I needed to stop and do some self-inventory, but it didn't feel like there was time.  Or more honestly, I was afraid of the answer.  I didn't even have my body to blame this time.  I hit my wall and pushed forward anyway. There was a conscious choice in those moments.  

So I scheduled in another few miles in the pool.  And some very intentional writing time.  And some forced pauses, for air and for somatic assessments.  I came to three conclusions:
  1. I have not been factoring my emotional load from work to its fullest potential--there's still a fair bit of adjustment to resolve regarding my change to management.  I need to find a more efficient way to carry this, because I know that the baggage does not magically disappear. 
  2. I did not buffer the events adequately--having a short bit of time in between events to process them fully, that makes a difference. 
  3. I did not check in with myself while the events were happening.  This one is the real kicker, I think.  I didn't talk to myself while things were happening.  There needs to be some actual conversation between the parts of myself, in order to meet the needs of the situation.  Some parts of me would have been appeased just to have been acknowledged, frankly.  I was present in the moment and yet inadvertently leaving parts of myself behind, meaning that other areas had to pick up the slack and collectively that means I wore out a bit faster, for not even assessing if I needed a rest.  This is a great opportunity to further expand my own awareness and to develop some new practices. 
So what does that mean for now?  I'm aggressively reclaiming my schedule, very pointedly stating my intentions for my schedule for the day, and ultimately absorbing into myself a little more than usual.  With some of my Christmas money, we went to Mega Replay and I swapped in my Fitbit for an upgraded model, which has a few more tricks and syncs much faster to my phone.  What this refractory period looks like for me is a lot of trips to the gym and/or testing out a couple of different workouts at home.  Once I have reconnected those pieces, I can expand back out once again.  It's almost like an apology to myself, that I recognize I was overwrought on some places, so I'm trying to spend a lot of quality time in my own head, able to assert this time under the guise and added benefit of bettering my health.  The trick is to ensure that it's not crossing the line to self-flagellation--in these cycles before, I have DEFINITELY crossed the line into overdoing it.  

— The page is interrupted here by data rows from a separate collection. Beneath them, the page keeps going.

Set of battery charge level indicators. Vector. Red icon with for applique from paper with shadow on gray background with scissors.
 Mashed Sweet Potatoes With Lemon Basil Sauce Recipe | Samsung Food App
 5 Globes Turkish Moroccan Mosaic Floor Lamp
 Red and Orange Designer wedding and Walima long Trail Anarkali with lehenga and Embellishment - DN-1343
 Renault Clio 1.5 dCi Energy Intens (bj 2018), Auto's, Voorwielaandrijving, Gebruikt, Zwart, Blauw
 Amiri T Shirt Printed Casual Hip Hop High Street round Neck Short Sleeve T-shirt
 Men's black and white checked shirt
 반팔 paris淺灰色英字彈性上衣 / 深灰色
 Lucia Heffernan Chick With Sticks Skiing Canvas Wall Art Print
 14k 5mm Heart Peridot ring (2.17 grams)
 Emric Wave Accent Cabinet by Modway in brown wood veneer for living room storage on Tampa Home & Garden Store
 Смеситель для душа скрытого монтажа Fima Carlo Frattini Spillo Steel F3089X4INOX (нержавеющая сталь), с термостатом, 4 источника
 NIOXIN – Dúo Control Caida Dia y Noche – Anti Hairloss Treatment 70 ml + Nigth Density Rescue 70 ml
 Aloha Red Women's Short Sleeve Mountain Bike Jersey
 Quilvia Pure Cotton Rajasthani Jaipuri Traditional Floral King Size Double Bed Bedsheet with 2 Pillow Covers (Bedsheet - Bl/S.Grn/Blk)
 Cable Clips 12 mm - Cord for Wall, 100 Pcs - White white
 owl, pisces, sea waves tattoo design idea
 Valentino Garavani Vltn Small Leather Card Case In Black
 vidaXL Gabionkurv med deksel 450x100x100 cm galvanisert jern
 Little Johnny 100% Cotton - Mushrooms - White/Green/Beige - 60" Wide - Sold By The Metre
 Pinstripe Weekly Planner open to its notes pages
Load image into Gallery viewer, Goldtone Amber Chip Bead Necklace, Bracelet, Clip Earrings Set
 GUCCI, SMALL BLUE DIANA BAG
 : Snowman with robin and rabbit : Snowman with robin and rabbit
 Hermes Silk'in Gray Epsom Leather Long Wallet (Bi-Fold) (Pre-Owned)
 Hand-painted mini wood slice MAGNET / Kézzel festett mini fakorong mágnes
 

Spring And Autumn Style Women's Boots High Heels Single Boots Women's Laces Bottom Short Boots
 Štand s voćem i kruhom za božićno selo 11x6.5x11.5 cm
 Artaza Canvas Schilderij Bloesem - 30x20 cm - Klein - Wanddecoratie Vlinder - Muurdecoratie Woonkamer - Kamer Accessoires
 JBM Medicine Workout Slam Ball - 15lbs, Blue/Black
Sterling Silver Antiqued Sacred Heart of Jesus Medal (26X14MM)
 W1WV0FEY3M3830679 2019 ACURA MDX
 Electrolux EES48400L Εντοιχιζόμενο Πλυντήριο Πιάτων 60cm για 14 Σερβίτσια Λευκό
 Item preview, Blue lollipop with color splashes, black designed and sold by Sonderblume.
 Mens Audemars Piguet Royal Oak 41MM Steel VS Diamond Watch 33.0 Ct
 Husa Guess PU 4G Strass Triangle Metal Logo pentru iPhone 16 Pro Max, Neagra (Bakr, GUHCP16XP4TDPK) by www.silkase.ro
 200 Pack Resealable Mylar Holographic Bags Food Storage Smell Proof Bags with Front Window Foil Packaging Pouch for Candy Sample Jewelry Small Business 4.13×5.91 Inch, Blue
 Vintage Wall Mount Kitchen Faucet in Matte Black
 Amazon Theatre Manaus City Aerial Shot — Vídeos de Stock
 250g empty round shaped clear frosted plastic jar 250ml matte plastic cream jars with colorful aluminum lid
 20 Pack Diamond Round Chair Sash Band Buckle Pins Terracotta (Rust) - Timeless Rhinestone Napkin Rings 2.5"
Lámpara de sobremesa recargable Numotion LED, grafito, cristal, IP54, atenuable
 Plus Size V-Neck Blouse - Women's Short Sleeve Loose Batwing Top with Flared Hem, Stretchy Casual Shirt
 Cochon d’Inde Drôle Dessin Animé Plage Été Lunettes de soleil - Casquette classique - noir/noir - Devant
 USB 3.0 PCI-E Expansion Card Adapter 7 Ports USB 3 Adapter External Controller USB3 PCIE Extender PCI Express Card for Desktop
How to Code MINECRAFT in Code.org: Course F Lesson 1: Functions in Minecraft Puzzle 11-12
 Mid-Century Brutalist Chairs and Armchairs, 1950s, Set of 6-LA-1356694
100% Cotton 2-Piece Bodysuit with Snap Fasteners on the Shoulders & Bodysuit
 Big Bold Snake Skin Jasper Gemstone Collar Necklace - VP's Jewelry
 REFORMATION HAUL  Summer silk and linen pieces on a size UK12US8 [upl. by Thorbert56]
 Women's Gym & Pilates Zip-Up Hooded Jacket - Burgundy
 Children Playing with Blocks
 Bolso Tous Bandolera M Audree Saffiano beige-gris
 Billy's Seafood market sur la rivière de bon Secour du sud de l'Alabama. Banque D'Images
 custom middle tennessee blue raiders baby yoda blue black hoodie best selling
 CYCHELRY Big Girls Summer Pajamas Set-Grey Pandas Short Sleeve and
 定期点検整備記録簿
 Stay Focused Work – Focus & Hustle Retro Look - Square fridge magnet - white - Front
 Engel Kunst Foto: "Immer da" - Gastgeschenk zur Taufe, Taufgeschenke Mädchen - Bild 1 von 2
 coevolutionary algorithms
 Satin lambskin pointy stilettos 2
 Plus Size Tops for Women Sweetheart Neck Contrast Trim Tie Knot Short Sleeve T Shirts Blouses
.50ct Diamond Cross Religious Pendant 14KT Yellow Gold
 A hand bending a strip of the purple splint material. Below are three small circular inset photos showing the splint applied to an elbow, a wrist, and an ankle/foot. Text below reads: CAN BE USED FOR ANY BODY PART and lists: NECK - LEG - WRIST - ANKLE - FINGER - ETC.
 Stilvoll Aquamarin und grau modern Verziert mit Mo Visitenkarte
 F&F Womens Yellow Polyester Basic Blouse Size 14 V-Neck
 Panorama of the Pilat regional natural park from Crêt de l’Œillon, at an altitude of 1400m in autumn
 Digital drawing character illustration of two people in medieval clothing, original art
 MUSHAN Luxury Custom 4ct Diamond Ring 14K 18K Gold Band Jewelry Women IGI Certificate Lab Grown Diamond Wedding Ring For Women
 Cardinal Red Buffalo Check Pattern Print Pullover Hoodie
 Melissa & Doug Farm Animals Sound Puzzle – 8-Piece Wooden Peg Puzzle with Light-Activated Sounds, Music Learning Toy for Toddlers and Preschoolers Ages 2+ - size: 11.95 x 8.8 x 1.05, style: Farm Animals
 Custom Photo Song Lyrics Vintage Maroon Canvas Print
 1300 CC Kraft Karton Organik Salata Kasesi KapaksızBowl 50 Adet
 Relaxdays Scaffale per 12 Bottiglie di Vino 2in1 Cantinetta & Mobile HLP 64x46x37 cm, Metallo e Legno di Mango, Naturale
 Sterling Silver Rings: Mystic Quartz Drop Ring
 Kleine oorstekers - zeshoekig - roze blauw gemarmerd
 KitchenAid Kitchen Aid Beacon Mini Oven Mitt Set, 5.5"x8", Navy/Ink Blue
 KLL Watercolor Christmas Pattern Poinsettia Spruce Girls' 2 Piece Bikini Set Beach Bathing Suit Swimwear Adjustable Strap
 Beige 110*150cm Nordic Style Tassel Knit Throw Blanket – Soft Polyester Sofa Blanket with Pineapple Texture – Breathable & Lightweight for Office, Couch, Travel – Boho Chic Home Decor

I don't think I've crossed the line yet, where working out does more harm than good, but I'm pleased to be able to push myself in ways that I haven't been able to do safely in years, if that makes sense.  There were (and still are) places where if I were to borrow tomorrow's energy, it would take me literal weeks to recover.  There are spaces now where my body tells me it's tired and I can say "one more hard lap."  Never more than one so far, but at least one more.  It starts with one.  My mile is getting faster. That does my heart good in a few ways.

Once I have regained the right balance, then what?  Can I better balance next year through any strategic planning?  Do I just accept that I will feel simultaneously filled and tired?  Can I start the refractory period earlier to better the balance?  Or is just oddly healthy to be thrown out of whack from time to time to appreciate what balance is?   

The holiday season hits everyone differently, for reasons specific to them even when the themes might be familiar.  Wishing you and yours the best kind of rebalancing you can find.